But as for appealing to natural law for that which is good for men, and to reason for the power of discerning that same good—if man cannot find truth by that method, by what method shall he find it?
And thus it happened that, though these philosophers and encyclopaedists were not men of science, they were at least the heralds and the coadjutors of science.
We may call them, and justly, dreamers, theorists, fanatics. But we must recollect that one thing they meant to do, and did. They recalled men to facts; they bid them ask of everything they saw—What are the facts of the case? Till we know the facts, argument is worse than useless.

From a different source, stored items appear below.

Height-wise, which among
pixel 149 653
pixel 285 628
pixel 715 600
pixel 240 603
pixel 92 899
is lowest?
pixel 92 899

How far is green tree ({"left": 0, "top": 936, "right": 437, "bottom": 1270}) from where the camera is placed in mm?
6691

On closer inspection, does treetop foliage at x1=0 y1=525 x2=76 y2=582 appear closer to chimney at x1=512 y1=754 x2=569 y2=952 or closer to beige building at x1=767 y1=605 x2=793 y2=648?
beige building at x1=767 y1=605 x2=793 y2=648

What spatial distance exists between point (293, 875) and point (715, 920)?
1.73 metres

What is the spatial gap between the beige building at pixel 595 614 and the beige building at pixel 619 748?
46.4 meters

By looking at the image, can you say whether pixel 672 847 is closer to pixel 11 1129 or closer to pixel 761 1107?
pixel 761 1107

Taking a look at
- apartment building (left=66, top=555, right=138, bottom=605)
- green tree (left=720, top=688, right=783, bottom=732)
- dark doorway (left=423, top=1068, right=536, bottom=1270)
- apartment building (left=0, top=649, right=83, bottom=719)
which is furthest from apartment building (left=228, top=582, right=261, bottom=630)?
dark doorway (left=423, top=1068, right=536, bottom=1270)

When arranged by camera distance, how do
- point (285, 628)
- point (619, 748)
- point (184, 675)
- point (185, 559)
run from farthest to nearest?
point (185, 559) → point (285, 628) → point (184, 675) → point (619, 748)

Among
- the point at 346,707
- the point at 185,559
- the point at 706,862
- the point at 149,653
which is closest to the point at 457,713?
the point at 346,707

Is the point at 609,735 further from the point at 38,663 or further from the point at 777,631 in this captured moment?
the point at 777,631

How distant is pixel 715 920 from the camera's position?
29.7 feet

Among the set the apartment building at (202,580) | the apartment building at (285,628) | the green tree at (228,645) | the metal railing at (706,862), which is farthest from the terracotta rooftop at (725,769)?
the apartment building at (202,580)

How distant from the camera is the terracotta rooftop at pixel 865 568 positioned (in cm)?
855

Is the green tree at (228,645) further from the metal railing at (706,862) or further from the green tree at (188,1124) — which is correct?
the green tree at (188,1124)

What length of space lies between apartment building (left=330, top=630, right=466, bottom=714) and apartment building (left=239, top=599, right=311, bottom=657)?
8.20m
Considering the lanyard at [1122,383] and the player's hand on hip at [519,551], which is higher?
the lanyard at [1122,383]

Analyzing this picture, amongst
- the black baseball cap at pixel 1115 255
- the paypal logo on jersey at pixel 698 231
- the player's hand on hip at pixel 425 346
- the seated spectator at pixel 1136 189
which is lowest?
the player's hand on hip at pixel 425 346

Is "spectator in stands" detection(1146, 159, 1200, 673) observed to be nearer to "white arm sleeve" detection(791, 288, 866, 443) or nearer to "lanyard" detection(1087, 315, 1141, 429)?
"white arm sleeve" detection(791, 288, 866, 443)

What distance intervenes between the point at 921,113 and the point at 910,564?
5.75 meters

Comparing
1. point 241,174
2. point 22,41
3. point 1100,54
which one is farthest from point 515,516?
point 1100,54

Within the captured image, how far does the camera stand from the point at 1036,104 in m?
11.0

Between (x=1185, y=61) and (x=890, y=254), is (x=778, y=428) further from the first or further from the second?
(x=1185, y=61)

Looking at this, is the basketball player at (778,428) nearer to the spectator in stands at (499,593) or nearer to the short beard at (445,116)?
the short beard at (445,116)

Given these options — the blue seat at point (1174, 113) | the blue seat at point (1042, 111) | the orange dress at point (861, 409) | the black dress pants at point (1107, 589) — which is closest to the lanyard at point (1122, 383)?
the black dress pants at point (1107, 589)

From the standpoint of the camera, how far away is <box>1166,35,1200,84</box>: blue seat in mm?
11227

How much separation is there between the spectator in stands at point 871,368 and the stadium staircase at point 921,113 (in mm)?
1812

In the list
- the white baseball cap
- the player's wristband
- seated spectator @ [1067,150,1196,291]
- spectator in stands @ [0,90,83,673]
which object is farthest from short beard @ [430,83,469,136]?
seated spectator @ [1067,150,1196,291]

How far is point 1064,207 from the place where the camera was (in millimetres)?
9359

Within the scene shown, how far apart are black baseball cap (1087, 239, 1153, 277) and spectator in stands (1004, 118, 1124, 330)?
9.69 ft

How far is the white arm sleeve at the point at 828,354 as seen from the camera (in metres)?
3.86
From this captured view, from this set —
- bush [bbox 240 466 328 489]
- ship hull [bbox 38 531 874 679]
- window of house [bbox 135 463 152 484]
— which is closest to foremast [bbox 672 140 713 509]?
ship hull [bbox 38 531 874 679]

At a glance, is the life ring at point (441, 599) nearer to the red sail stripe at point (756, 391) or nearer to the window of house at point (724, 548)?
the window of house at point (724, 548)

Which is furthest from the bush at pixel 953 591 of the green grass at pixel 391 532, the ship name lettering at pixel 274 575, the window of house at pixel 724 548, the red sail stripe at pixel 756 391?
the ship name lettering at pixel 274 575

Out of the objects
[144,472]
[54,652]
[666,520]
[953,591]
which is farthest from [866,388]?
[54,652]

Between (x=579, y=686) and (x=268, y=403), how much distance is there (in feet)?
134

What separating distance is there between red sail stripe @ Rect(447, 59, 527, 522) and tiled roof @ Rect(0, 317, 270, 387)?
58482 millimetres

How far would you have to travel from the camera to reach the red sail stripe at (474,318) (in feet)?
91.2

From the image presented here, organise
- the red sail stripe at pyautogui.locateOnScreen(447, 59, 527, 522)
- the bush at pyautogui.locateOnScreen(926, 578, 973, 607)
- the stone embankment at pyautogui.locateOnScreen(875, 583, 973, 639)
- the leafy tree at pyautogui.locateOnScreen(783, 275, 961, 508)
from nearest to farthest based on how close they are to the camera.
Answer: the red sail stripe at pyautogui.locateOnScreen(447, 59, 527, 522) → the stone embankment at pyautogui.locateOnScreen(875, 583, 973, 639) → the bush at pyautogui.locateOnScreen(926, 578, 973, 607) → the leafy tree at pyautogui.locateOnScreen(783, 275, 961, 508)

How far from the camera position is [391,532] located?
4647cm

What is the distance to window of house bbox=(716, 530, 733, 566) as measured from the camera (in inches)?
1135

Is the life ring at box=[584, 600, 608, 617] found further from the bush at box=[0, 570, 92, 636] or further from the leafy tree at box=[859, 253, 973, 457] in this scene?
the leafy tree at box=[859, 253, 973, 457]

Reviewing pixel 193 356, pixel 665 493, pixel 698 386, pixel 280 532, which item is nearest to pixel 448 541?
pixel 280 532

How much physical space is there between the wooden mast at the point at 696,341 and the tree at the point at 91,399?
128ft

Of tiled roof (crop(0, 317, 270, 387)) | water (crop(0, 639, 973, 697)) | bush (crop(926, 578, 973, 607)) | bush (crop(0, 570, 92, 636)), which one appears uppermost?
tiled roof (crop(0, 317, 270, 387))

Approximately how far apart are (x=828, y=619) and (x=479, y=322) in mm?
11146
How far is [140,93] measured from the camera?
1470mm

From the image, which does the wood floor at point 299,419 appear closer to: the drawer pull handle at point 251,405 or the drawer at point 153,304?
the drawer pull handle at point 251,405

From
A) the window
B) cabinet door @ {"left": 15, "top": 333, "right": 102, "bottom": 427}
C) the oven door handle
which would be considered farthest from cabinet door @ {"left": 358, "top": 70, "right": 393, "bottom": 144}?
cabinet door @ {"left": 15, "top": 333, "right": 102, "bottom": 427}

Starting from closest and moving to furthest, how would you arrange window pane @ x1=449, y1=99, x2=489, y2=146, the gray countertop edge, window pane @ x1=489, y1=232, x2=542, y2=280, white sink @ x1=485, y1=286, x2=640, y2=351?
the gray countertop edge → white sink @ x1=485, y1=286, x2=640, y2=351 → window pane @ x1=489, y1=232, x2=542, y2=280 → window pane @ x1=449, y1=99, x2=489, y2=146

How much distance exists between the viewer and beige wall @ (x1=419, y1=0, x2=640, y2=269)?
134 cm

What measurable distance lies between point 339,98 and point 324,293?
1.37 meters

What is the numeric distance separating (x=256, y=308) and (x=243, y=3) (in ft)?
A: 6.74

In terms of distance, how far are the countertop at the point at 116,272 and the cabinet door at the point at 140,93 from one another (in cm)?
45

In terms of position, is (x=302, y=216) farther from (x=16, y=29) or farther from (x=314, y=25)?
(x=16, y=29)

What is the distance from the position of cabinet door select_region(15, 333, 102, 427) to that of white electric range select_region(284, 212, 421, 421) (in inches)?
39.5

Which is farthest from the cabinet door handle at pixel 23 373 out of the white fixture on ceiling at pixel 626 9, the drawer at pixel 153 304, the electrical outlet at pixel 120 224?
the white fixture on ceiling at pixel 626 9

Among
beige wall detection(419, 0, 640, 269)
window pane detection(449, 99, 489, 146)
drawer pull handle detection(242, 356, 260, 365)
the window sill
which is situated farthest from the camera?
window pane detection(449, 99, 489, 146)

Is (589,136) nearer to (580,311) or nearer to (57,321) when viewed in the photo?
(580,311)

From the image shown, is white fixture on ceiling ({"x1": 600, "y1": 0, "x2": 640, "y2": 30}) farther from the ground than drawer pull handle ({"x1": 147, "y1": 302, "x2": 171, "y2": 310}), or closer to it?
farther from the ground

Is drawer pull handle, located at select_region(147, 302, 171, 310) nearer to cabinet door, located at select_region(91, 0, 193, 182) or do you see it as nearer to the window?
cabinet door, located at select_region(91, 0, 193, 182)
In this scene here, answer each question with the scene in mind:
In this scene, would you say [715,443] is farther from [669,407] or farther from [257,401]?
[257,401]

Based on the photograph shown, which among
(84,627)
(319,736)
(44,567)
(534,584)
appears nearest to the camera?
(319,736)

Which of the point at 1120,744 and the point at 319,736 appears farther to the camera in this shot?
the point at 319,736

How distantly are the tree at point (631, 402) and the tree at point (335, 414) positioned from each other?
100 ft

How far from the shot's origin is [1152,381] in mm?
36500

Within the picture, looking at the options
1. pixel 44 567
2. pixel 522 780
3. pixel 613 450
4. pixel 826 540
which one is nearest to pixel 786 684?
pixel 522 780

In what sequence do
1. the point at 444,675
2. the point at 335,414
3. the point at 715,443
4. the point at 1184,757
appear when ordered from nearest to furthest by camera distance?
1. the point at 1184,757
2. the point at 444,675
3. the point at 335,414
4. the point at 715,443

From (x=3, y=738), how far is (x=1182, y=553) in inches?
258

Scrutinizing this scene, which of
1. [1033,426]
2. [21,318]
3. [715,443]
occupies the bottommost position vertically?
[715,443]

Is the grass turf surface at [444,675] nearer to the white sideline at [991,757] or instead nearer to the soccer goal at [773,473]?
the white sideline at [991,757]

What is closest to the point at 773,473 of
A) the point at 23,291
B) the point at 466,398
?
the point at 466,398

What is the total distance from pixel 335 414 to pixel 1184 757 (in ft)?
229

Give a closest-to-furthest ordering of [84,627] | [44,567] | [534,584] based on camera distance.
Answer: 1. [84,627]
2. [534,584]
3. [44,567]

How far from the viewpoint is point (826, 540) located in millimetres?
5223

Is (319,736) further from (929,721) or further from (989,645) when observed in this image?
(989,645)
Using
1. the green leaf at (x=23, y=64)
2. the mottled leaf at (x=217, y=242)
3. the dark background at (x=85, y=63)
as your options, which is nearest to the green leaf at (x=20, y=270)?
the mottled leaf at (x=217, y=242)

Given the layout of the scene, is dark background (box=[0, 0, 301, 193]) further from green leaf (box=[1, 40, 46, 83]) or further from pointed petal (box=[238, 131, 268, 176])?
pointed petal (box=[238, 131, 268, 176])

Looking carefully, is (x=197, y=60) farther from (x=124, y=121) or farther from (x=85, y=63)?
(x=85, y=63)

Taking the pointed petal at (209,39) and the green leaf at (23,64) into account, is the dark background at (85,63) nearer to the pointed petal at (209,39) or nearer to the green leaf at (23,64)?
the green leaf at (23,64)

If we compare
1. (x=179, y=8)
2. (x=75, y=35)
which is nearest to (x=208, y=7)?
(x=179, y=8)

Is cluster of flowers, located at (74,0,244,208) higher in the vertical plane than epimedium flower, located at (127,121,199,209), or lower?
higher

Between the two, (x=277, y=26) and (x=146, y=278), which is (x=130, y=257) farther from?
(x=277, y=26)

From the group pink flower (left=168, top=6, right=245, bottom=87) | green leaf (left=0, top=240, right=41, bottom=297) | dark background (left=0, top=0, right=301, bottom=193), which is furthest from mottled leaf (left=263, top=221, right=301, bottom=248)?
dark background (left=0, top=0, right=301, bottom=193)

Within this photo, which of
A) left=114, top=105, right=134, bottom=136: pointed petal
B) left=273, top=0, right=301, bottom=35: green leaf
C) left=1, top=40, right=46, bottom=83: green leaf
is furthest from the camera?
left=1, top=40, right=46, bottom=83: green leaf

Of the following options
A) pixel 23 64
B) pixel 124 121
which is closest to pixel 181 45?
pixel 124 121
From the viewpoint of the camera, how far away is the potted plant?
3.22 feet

Now the habit of asking for the facts of the case must deliver men more or less from that evil spirit which the old Romans called “Fama;” from her whom Virgil described in the AEneid as the ugliest, the falsest, and the cruellest of monsters.
From “Fama;” from rumours, hearsays, exaggerations, scandals, superstitions, public opinions—whether from the ancient public opinion that the sun went round the earth, or the equally public opinion, that those who dared to differ from public opinion were hateful to the deity, and therefore worthy of death—from all these blasts of Fame’s lying trumpet they helped to deliver men; and they therefore helped to insure something like peace and personal security for those quiet, modest, and generally virtuous men, who, as students of physical science, devoted their lives, during the eighteenth century, to asking of nature—What are the facts of the case?